This book gave the basic idea of what the doctrine of subrogation is and how relevant it is
in today’s generation.

3. Indian Contract Act, Dinshaw Fardunji Mulla, Lexis Nexis, 15th edition.

On reading this book, the researcher learnt and analysed the change in the pattern of the
application of this doctrine in different judicial cases.

4. Contract and Specific Relief act, Avtar Singh, Eastern Book Agency, 11th edition.

This book helped the researcher to perform a comparative analysis of the doctrine in
different countries of the world.

5. The Law of Contract, P.C Markanda, Lexis Nexis, 3rd edition.

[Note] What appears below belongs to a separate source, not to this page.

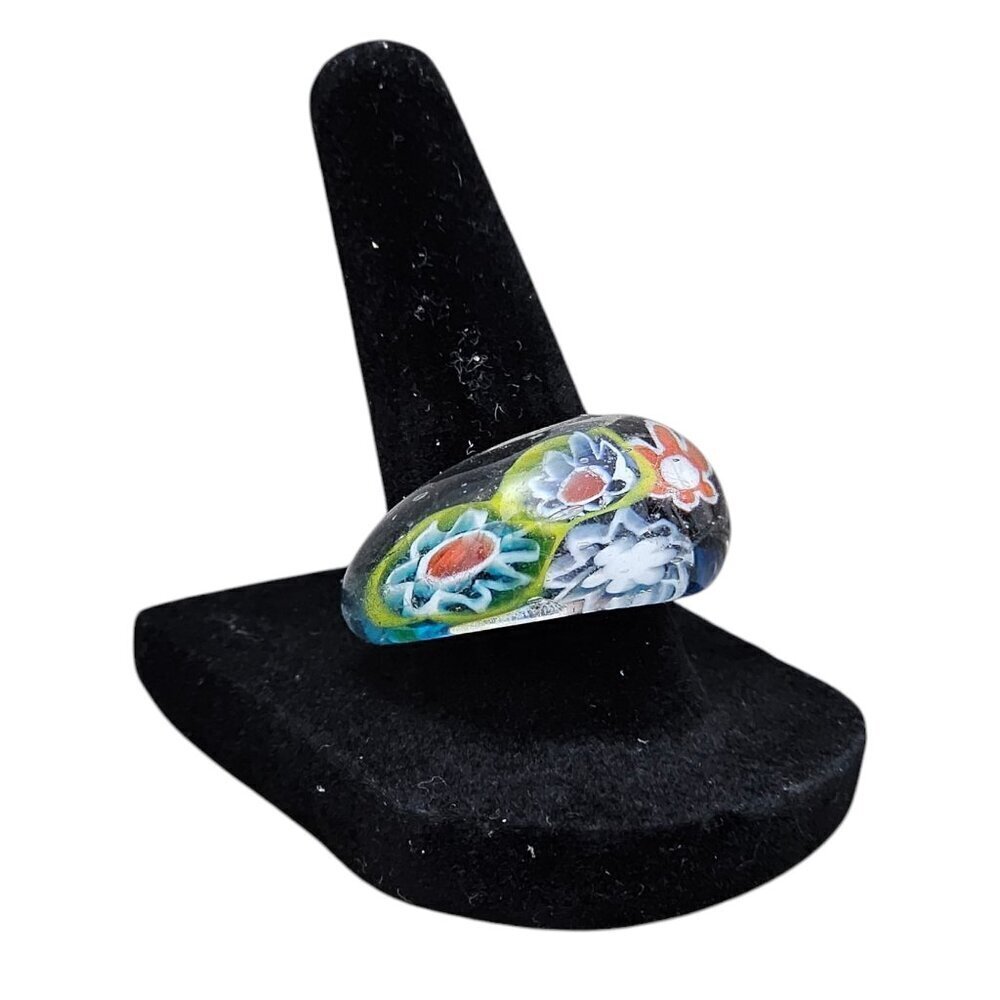 Murano Glass Italian Mosaic Multicolored Millefiori Floral Ring 7.5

While going through this book, the researcher gained more knowledge about the judicial
decisions and the application of this doctrine.

6
CHAPTER III – LEGAL ANALYSIS

The doctrine of Subrogation means an insured may waive in writing before a loss all rights of
recovery against any person. If not waived, we may require an assignment of rights of
recovery for a loss to the extent that payment is made by us.

The doctrine can have a better understanding through the given pointers:

(i) Equitable right of subrogation arises when the insurer settles the claim of the assured, for
the entire loss. When there is an equitable subrogation in favour of the insurer, the insurer is
allowed to stand in the shoes of the assured and enforce the rights of the assured against the
wrongdoer.

(ii) Subrogation does not terminate nor puts an end to the right of the assured to sue the
wrong-doer and recover the damages for the loss. Subrogation only entitles the insurer to
receive back the amount paid to the assured, in terms of the principles of subrogation.

(iii) Where the assured executes a Letter of Subrogation, reducing the terms of subrogation,
the rights of the insurer vis-à-vis the assured will be governed by the terms of the Letter of
Subrogation.

(iv) A subrogation enables the insurer to exercise the rights of the assured against third
parties in the name of the assured. Consequently, any plaint, complaint or petition for
recovery of compensation can be filed in the name of the assured, or by the assured
represented by the insurer as subrogee-cum-attorney, or by the assured and the insurer as co-
plaintiffs or co-complainants.

(v) Where the assured executed a subrogation-cum-assignment in favour of the insurer (as
contrasted from a subrogation), the assured is left with no right or interest. Consequently, the
assured will no longer be entitled to sue the wrongdoer on its own account and for its own
benefit. But as the instrument is a subrogation-cum-assignment, and not a mere assignment,
the insurer has the choice of suing in its own name, or in the name of the assured, if the
instrument so provides. The insured becomes entitled to the entire amount recovered from the
wrongdoer, that is, not only the amount that the insured had paid to the assured, but also any
amount received in excess of what was paid by it to the assured, if the instrument so provides.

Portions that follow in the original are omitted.